Database connection username

dump_password and load_password

Database connection password

remote_host_path

The path on the production host where the application is deployed. For example: /var/company/www/app/current.

query_params

To use a parameter like user_id in SQL queries, passing the value in via an environment variable like USER_ID=1, provide a mapping like this {user_id: ENV['user_id']}. Provide any additional key and value mappings you expect to be present when the query executes.

ssh_user

An SSH user that can connect (for purposes of downloading the file with scp) to the host where the production dump is.

ssh_host

The SSH host (a hostname) where the dump file is stored. We made this configurable to be able to dump data from production and staging.

tables

e.g. tables = [ {name: '', query: '' } ]

The tables option is where each table being dumped is configured. This is currently an array of hashes, with two items, name and query. name is the name of the database table, and query is the SQL query.

We are dumping 10-15 tables worth of data for the same user, so that means we have 10-15 hashes in this array.

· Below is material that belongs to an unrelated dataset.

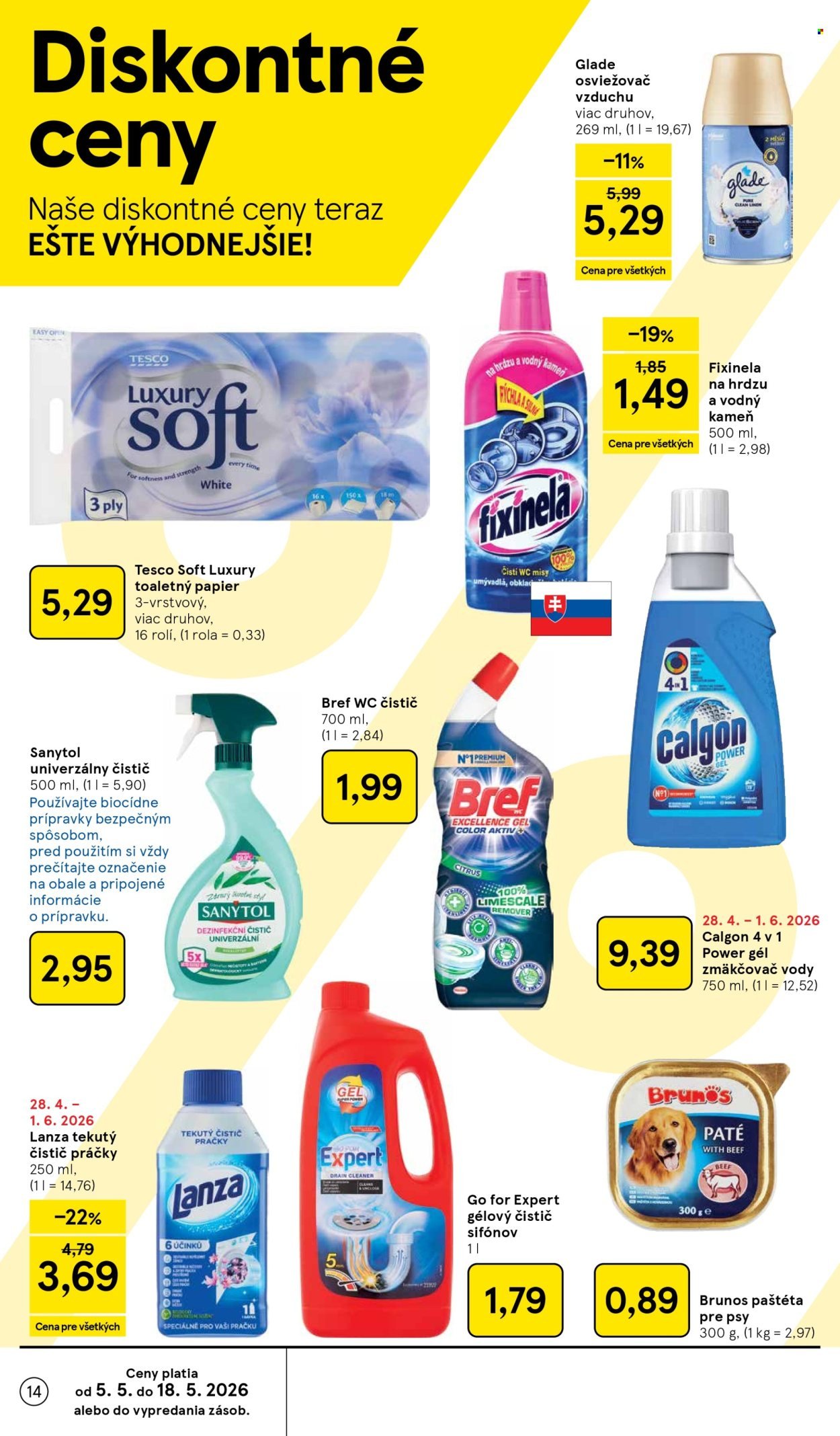 TESCO leták - Od stredy 6.5.2026 (2026-05-06 - 2026-05-12) | 14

This is where we would modify those queries over time to include or exclude more tables or fields of data.

Seedster Development

To install this gem onto your local machine, run bundle exec rake install. To release a new version, update the version number in version.rb, and then run bundle exec rake release, which will create a git tag for the version, push git commits and tags, and push the .gem file to rubygems.org.

Testing

Run the test suite with rake test.

Contributing

Bug reports and pull requests are welcome on GitHub at https://github.com/groupon/seedster. This project is intended to be a safe, welcoming space for collaboration, and contributors are expected to adhere to the Contributor Covenant code of conduct.

Releasing a new version

  1. Update the version in seedster.gemspec

  2. git commit seedster.gemspec with the following message format:

     Version x.x.x
    
     Changelog:
     * Some new feature
     * Some new bug fix
    
  3. rake release

License

The gem is available as open source under the terms of the APACHE LICENSE, VERSION 2.0.

Code of Conduct

Everyone interacting in the Seedster project’s codebases, issue trackers, chat rooms and mailing lists is expected to follow the code of conduct.